As she is preparing to leave after one of these visits to Baltimore, Mrs Bixby receives a package from the Colonel containing a letter and an expensive gift: a dark mink coat. The Colonel's letter informs Mrs Bixby they can no longer see each other, and suggests she tell her husband the mink coat is a Christmas present from her aunt. Mrs Bixby is in despair as she reads the letter: her aunt is far too poor to be given credit for the gift. However, Mrs Bixby is intent on keeping the coat and devises a plan. On her return to New York she visits a pawnbroker and pawns the coat for $50. The pawnbroker gives her a pawn ticket, which she declines to mark with any kind of name or description. The ticket guarantees her right to claim the coat at any time. She tells her husband she found the pawn ticket in the taxi. He decides it would be best if he redeemed the ticket, in spite of Mrs Bixby's objections.

The next day, Dr Bixby goes to the pawn shop to redeem the ticket and claim the item it stands for.
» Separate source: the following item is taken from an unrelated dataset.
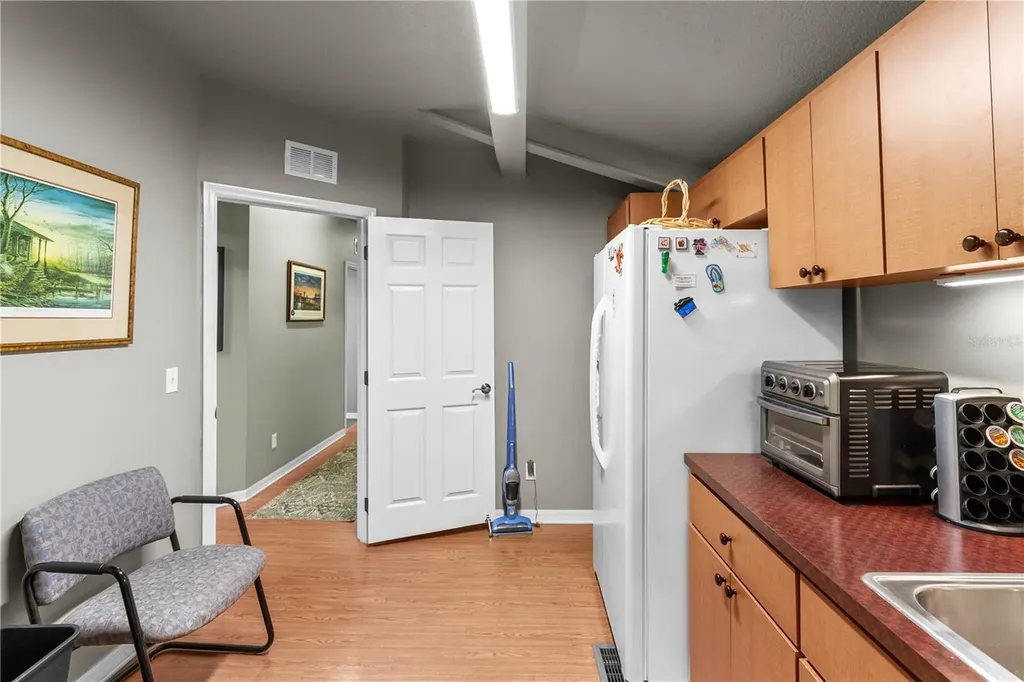 107 NE 4th Street Crystal River FL 34429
Mrs Bixby is excited and rushes to her husband's office after he has collected it. She is horrified when he proudly holds up a small, mangy stole, and not her coat. He announces it is real mink and that she should consider it her Christmas present.

Mrs Bixby initially believes the pawnbroker has cheated her of her coat and intends to confront him. But as she leaves her husband's office, Dr Bixby's secretary, Miss Pulteney, walks proudly past her, wearing the mink coat. It is implied that Dr Bixby is having an affair with Miss Pulteney, gave her the coat, and purchased a cheap stole for his wife instead. As Mrs Bixby cannot demand the coat back without revealing her own affair, she is hoist with her own petard.

==Adaptations==
- Television

| Year | TV show | Episode | Starring | Notes |
|---|---|---|---|---|
| 1960 | Alfred Hitchcock Presents | Season 6, Episode 1 | Audrey Meadows | Directed by Alfred Hitchcock |
| 1965 | Thirty-Minute Theatre | Season 1, Episode 9 | Shelley Winters | This episode is believed lost. |
| 1979 | Tales of the Unexpected | Season 1, Episode 2 | Julie Harris |  |

- Film
Dus Kahaniyaan (English: Ten stories), a 2007 Indian Hindi-language anthology film comprising ten short films by different directors, includes Matrimony by Sanjay Gupta which is based on this short story.